Spinal Cord Based Kidney Segmentation Using Connected Component Labeling and K-Means Clustering Algorithm

Seda Arslan Tuncer Ahmet Alkan*

Department of Software Engineering, Firat University, Elazig 23119, Turkey

Department of Electrical and Electronics, Kahramanmaras Sutcu Imam University, Kahramanmaras 46000, Turkey

Corresponding Author Email: 
aalkan@ksu.edu.tr
Page: 
521-527
|
DOI: 
https://doi.org/10.18280/ts.360607
Received: 
19 September 2019
|
Accepted: 
20 November 2019
|
Published: 
29 December 2019
| Citation

OPEN ACCESS

Abstract: 

Abdominal computed tomography (CT) data are often used in the diagnosis and treatment of patients. Segmentation of viscera on abdominal imaging facilitates diagnosis and focus upon the areas of interest. Kidney segmentation by abdominal imaging is complicated by the proximity of various organs and the similarities between abdominal tissues. Here we propose two fully automated approaches to kidney segmentation and discuss their performance. A fully automated approach was preferred to accelerate the decision-making process of the physician to eliminate the disadvantage of manual and semi-automatic segmentations. Each of the proposed methods essentially consist of three stages. Since the spine was used as reference in the study, the images were first treated to define the coordinates of the spine. Second, kidney fields were obtained using the Connected Component Labeling (CCL) and the K-means clustering algorithms. Last, the kidneys were segmented by applying different filters according to the method. A manual segmentation was then performed by specialist physicians. The performance of the tested algorithms was made by comparison to the manual segmentation results, using the Dice Similarity Coefficient, the Figures of Merit and Jaccard Similarity Index. Based on our analyses, acceptable success rates were achieved by the proposed methodologies. These automated systems are expected to be helpful during clinical diagnosis, medical training and future studies on kidney cancer diagnosis.

Keywords: 

biomedical imaging, clustering algorithms, image processing, image segmentation

1. Introduction

Imaging for diagnostic purposes has increased in importance because it offers finely detailed anatomic information. Imaging data can be managed with greater ease by delimiting the tissue images in fields of interest. The use of new techniques for image analysis has been increasing along with numerical data display and management. Segmentation and imaging are two narrowly related fields of interest and are used in many radiological applications. Making these techniques convenient and easy is as important as the development of other innovative techniques both for segmentation and three-dimensional imaging. Early diagnosis of diseases can reduce the adverse effects and costs of treatment as well as the resources allocated to such treatment. This has led to an increase in patient survival.

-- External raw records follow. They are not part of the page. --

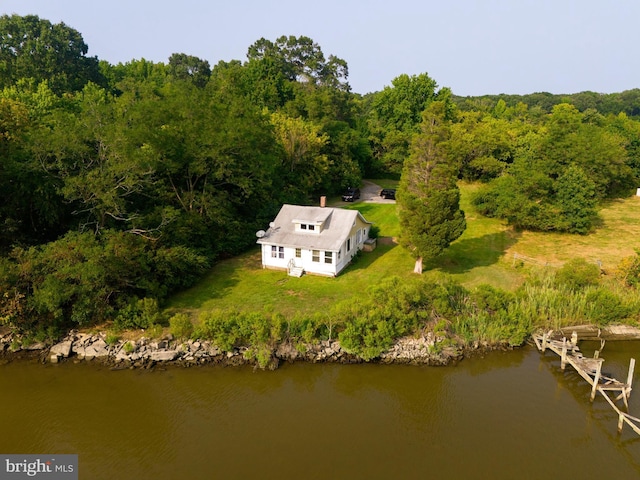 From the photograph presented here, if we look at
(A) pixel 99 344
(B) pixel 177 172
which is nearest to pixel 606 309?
(A) pixel 99 344

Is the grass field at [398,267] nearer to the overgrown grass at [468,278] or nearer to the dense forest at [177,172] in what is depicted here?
the overgrown grass at [468,278]

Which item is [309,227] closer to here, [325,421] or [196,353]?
[196,353]

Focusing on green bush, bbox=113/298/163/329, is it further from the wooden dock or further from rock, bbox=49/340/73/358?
the wooden dock

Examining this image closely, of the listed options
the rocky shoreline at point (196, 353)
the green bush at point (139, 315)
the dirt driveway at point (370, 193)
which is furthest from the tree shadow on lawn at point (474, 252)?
the green bush at point (139, 315)

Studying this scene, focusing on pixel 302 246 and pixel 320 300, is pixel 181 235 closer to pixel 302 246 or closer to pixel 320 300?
pixel 302 246

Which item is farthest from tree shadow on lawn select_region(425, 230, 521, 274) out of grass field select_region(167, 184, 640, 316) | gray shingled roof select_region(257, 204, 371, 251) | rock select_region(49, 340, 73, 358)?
rock select_region(49, 340, 73, 358)

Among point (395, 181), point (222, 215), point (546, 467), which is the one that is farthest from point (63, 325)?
point (395, 181)

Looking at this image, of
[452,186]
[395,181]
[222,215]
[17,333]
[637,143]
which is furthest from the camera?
[395,181] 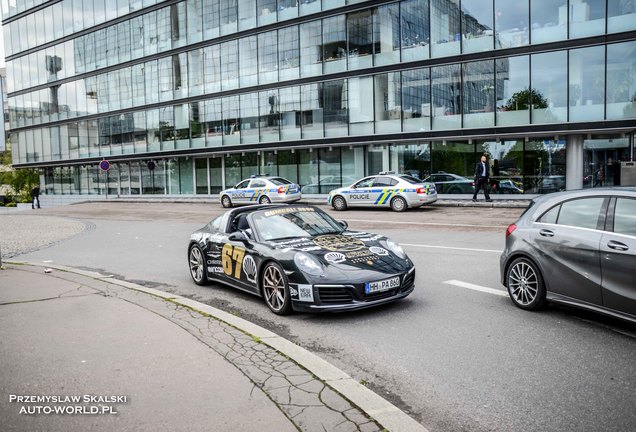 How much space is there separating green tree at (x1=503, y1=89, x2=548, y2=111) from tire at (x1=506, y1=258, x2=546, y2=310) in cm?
2038

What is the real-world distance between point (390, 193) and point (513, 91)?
864 cm

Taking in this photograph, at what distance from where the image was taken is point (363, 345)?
5.36 m

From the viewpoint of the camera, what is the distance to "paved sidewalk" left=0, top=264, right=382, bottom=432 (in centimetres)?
355

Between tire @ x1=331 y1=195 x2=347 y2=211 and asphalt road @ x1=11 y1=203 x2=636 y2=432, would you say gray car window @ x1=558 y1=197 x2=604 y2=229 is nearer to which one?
asphalt road @ x1=11 y1=203 x2=636 y2=432

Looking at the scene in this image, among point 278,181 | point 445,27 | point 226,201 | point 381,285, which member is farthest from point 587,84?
point 381,285

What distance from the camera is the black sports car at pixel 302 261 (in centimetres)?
616

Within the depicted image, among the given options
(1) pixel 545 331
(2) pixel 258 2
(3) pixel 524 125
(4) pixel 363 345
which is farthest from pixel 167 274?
(2) pixel 258 2

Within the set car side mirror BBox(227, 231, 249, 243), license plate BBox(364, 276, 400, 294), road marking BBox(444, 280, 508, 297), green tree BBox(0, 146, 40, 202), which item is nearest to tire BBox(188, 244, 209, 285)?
car side mirror BBox(227, 231, 249, 243)

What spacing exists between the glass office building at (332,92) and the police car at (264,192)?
209 inches

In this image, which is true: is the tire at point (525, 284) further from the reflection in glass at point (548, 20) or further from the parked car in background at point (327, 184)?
the parked car in background at point (327, 184)

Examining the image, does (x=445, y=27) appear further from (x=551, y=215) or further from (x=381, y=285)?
(x=381, y=285)

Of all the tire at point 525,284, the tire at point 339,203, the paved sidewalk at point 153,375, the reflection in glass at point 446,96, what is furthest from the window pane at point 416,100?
the paved sidewalk at point 153,375

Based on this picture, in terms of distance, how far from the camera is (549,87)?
79.8 feet

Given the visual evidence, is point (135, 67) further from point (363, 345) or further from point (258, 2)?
point (363, 345) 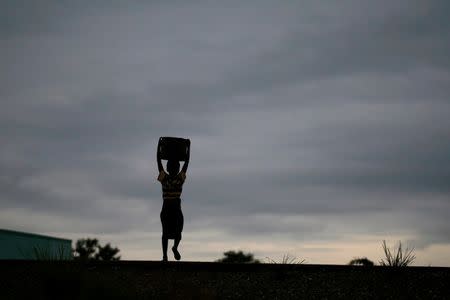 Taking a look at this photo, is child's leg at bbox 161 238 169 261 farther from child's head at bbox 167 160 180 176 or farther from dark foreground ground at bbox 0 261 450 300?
child's head at bbox 167 160 180 176

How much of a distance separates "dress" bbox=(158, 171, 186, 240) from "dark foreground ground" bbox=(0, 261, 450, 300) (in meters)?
1.23

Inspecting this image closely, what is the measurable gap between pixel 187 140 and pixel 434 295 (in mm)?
5168

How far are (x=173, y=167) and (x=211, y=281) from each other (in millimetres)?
2620

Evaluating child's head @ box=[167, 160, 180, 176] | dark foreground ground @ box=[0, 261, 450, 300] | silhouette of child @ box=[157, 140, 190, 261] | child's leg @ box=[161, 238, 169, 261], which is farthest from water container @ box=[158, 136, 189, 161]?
dark foreground ground @ box=[0, 261, 450, 300]

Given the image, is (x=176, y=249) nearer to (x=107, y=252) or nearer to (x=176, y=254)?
(x=176, y=254)

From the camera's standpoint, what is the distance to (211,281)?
9.35 meters

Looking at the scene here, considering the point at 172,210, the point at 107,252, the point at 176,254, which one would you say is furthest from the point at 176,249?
the point at 107,252

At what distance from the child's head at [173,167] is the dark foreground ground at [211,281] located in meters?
2.02

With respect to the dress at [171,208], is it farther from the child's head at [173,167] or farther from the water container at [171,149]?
the water container at [171,149]

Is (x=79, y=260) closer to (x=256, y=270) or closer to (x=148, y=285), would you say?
(x=148, y=285)

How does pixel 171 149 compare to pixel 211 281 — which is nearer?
pixel 211 281

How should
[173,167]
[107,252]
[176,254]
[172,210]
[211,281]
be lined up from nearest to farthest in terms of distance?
[211,281], [172,210], [176,254], [173,167], [107,252]

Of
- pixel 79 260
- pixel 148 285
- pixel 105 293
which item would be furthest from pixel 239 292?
pixel 79 260

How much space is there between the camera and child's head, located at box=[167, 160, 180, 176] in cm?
1115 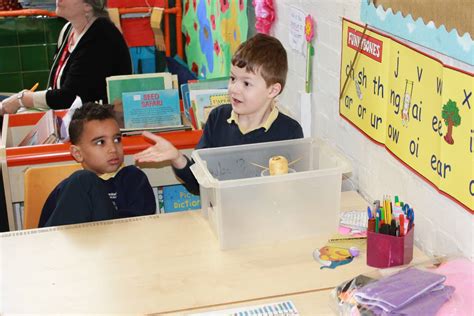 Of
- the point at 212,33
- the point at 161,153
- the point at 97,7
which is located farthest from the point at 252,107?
the point at 212,33

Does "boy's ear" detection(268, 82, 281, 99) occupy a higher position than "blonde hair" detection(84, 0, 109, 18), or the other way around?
"blonde hair" detection(84, 0, 109, 18)

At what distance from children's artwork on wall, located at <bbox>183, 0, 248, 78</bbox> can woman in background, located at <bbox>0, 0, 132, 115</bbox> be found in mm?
526

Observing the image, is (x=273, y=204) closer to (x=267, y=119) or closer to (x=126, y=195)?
(x=267, y=119)

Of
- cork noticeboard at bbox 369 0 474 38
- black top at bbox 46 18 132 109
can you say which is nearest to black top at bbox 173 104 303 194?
cork noticeboard at bbox 369 0 474 38

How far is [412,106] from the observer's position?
1729 millimetres

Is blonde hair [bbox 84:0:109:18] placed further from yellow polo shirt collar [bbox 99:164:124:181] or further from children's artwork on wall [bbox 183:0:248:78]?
yellow polo shirt collar [bbox 99:164:124:181]

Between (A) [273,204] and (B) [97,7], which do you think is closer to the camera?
(A) [273,204]

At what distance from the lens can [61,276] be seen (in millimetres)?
1650

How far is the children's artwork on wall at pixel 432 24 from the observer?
57.9 inches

Physicians sometimes fail to establish a satisfactory diagnosis for many reasons including poor resolution imaging data. Therefore, such images have to be analyzed to increase the data content. Segmentation of multiphase, contrast-enhanced CT scans is an efficient method to identify and characterize renal lesions. Kidney images are acquired before the patient holds his or her breath and injection of contrast medium. The abdominal area is repeatedly scanned during the distribution of the contrast. Lesion identification uses differential images acquired during this process.

Segmentation describes separation of any image or part thereof from the remaining parts [1]. Segmentation of images is frequently used in medicine to analyze anatomic structures, to plan treatment or for computer-assisted surgery [2]. This is often difficult in the kidney due to different contrast in the inner regions and image protocols and grayscale levels designed for the kidney. While there are semi-automated protocols, user-interactive methods are preferred despite the high time cost. The specialist therefore always prefers automated segmentation.

In this paper, to get the automatic segmentation we have employed the usage of the anatomical structure of the abdominal CT image. Following a spinal segmentation, the spine coordinates were selected to separate the kidneys. Two different approaches namely CCL and K-means based kidney segmentation were proposed. The success of each was assessed by various evaluation criteria. Part 2 of this article reviews published studies. Part 3 explains the proposed methods in detail and presents the experimental results. In Part 4, each approach is separately assessed for performance using the same evaluation criteria. The results between the two methods are compared. The last section discusses the results.

2. Related Works

Kidney segmentation is difficult because the shape and size of the kidney are variable and the contrast of the actual kidney borders is weak. New techniques have been developed to overcome these difficulties [3]. The techniques known in the literature for kidney segmentation are Edge or boundary based [3], Region based [4], Texture based [5], Active contour [6], and model based methods [7]. These studies focus principally on renal segmentation starting from abdominal images. Tuncer et al., used a decision support system for renal cancer detection by performing kidney segmentation [8]. With the SVM based decision support system, the classification success was calculated as 89.3% according to the Dice coefficient. Rudra et al. performed graph cut and pixel-connectivity based kidney segmentation in low contrast abdominal MRI data [9]. Performance evaluation was performed according to Dice coefficient and 98% success was achieved. Cuingnet et al. suggested random forests and template deformation-based segmentation for use in routine clinical applications. Segmentation has been accomplished for as short a time as a few seconds for each of the CT images. Dice coefficient was observed greater than 90% [10].

Sharma et al proposed a deep learning-based segmentation process to monitor kidney development for Autosomal Dominant Polycystic Kidney Disease (ADPKD) disease. According to the method applied to CT images, the Dice coefficient was calculated as 86% [11]. Tsagaan et al. proposed an approach based on a deformable model for the segmentation of medical images in three-dimensional (3D) anatomic volumes [12]. In another study, Tsagaan et al. used statistical data from renal image gray scale values to make a deformable model. Here, 33 abdominal CT images were used. A correspondence ratio of approximately 86.9% between automated and manual segmentation was obtained [13].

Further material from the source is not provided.